Le débat sur la misogynie de Philip Roth relancé après sa mort

L'écrivain Philip Roth à New York en 2010.
Photo : Reuters / ERIC THAYER
Prenez note que cet article publié en 2018 pourrait contenir des informations qui ne sont plus à jour.
Philip Roth était-il misogyne? La question, posée depuis longtemps sur ce géant de la littérature américaine, est revenue en force au lendemain de sa mort, survenue en plein mouvement #MoiAussi.
Au milieu des multiples hommages rendus au grand écrivain mort à l'âge de 85 ans, le thème de la relation de Philip Roth aux femmes était largement débattu mercredi sur Twitter, avec une foule de commentaires négatifs.
« Adieu Philip Roth, tu étais un grand écrivain et un immense misogyne [...], obsédé par le sexe, mais mal-aimé et même peut-être méprisé par les femmes », tweetait ainsi Ruth Robinson, une Londonienne.
Un professeur de l'université britannique de Portsmouth, Charlie Leddy-Owen, évoquant son livre Le théâtre de Sabbath (1995), soulignait, lui, que ce roman était « l'un des meilleurs et l'un des plus dégoûtants » qu'il ait lus, avec « ses personnages principaux sexistes et narcissiques ».
Les accusations ne datent pas d'hier. Elles ont commencé dès la fin des années 1970, alimentées par une scène extrêmement froide de violence conjugale dans son livre Ma vie d'homme (1974).

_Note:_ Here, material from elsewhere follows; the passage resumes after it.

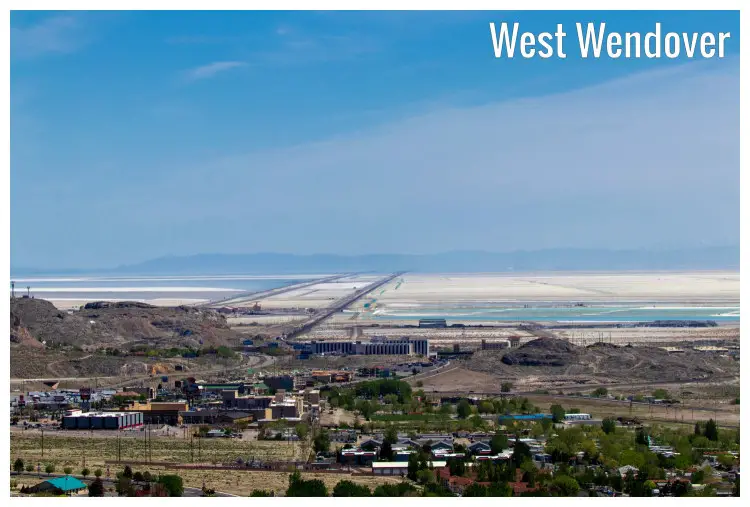 A dramatic landscape engulfing the scenic West Wendover town in Nevada, with a clear far view of the iconic Bonneville Salt Flats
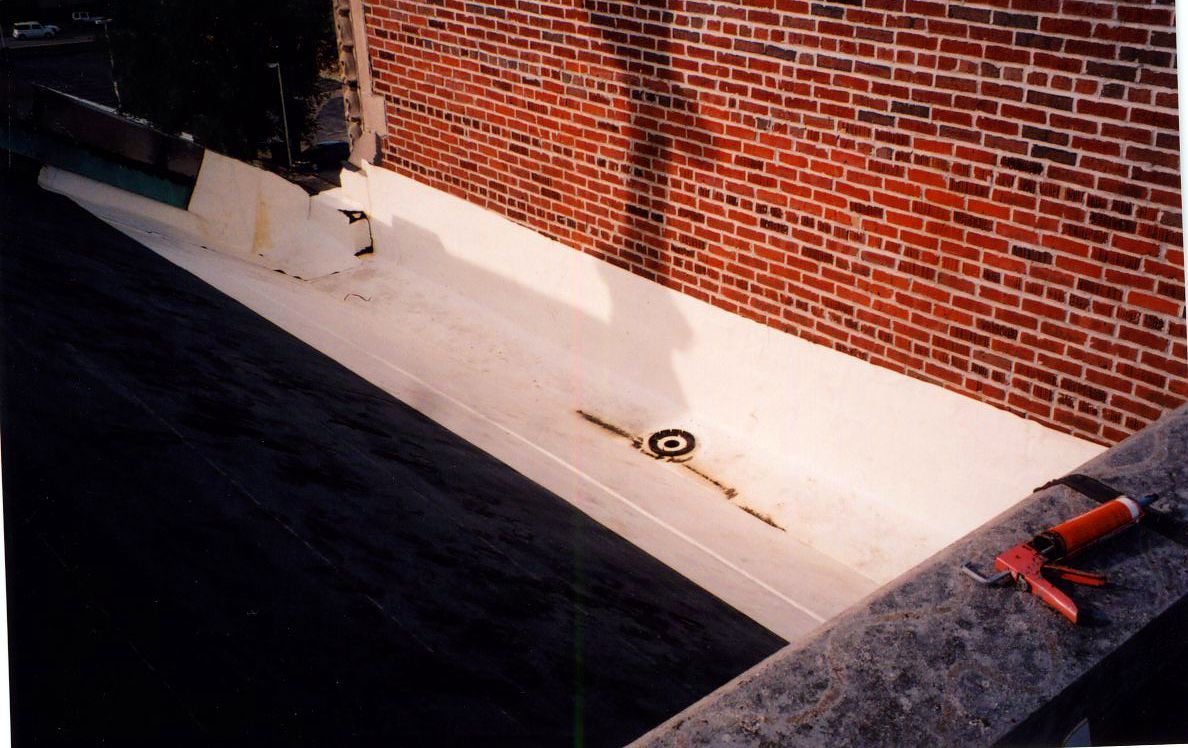 White-painted roof with brick wall on one side. Red caulk gun on gray ledge. Dark shadow in the foreground.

Naviguant en permanence entre autobiographie et fiction, Roth, dans son roman Tromperie (1990), imaginait d'ailleurs son personnage principal confronté au tribunal à des accusations de misogynie.
Des femmes faire-valoir
En 2006, Julia Keller, critique pour le Chicago Tribune, disait de Roth qu'il était « un grand écrivain avec un énorme défaut : ses femmes n'ont pas d'âme », réduites dans ses ouvrages à jouer le rôle de simples miroirs des hommes, des personnages féminins dépourvus selon elle de toute profondeur, plus encore que chez John Updike, autre écrivain américain, contemporain de Roth, souvent accusé lui aussi de misogynie.

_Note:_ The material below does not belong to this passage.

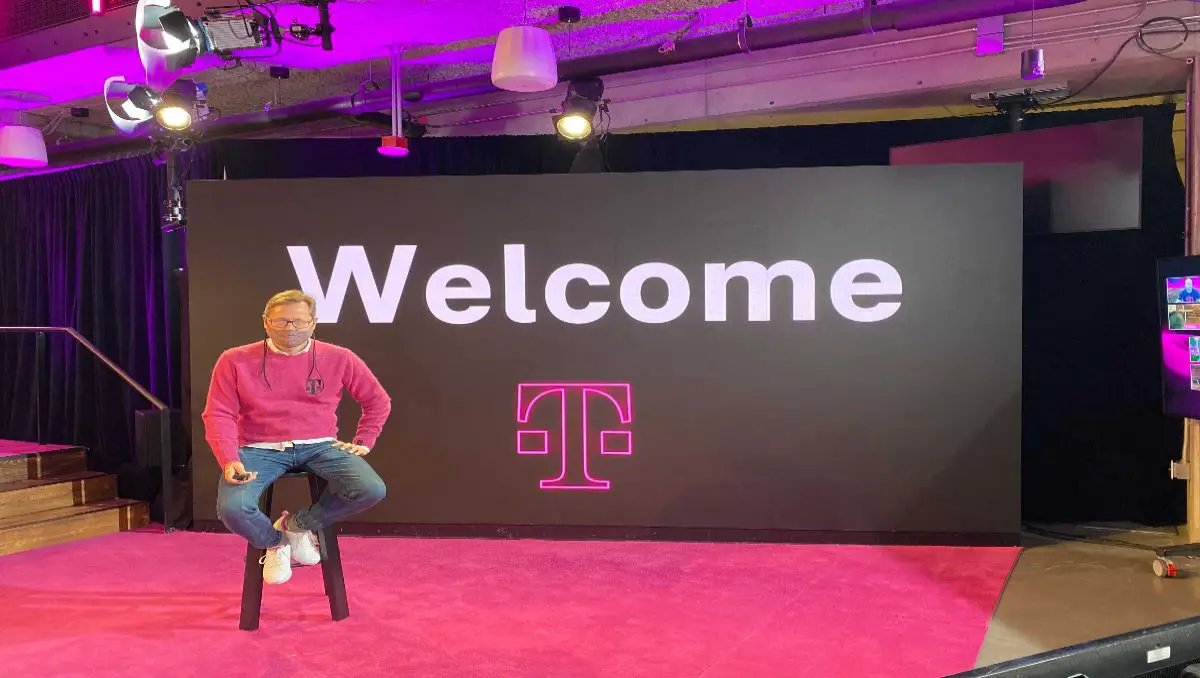 A T-Mobile employee sitting at the stage during the new employee orientation.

En 2008, la féministe Vivian Gornick, dans le prestigieux Harper's Magazine, comparait l'attitude de Roth à celle de l'écrivain Saul Bellow, Prix Nobel en 1976 : « Si la misogynie de Bellow était comme une bile insidieuse, chez Roth, c'est de la lave qui jaillit du volcan », disait-elle.
L'ex-compagne de Roth Claire Bloom a contribué à lui forger cette réputation en le décrivant dans son livre de 1996, Leaving the Doll's House, comme un égocentrique misogyne.

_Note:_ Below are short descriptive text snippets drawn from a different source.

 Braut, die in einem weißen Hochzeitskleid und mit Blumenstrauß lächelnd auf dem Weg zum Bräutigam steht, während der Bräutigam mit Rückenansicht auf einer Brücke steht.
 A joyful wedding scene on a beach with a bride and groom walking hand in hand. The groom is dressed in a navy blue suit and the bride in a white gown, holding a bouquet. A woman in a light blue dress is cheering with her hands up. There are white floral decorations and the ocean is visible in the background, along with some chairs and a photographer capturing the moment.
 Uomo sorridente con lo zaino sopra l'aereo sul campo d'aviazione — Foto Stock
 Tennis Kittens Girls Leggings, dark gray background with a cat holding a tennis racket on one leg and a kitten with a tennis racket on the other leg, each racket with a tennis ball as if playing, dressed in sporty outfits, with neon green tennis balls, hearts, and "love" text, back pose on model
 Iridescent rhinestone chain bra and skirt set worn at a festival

« Ses écrits sont misogynes »
Pour Jacques Berlinerblau, qui enseigne Philip Roth depuis 20 ans à l'Université de Georgetown à Washington et travaille à écrire un livre portant sur Roth et les femmes, les romans de Roth comprennent, pour les étudiants d'aujourd'hui, des passages « vraiment dérangeants ». « Ses écrits sont misogynes », a-t-il estimé sans hésiter mercredi, avant de s'interroger : « Comment fait-on avec un grand artiste qui dit des choses condamnables? » « J'ai toujours été surpris que le mouvement #MoiAussi ne l'ait pas rattrapé, ne serait-ce que pour regarder de près ses écrits », a-t-il ajouté.
Blake Bailey, biographe et ami de Roth, a, lui, souligné que Roth s'inquiétait de l'effet « chasse aux sorcières » du mouvement #MoiAussi. « Il craignait qu'il parte en vrille et nuise à des innocents. » Mais il n'était « certainement pas pour le harcèlement sexuel et tout autre comportement abusif. Il était l'un des hommes les plus honnêtes que j'aie connus », a ajouté Bailey. Et le biographe de citer pour preuve la présence d'« au moins cinq de ses ex » à son chevet au moment de sa mort.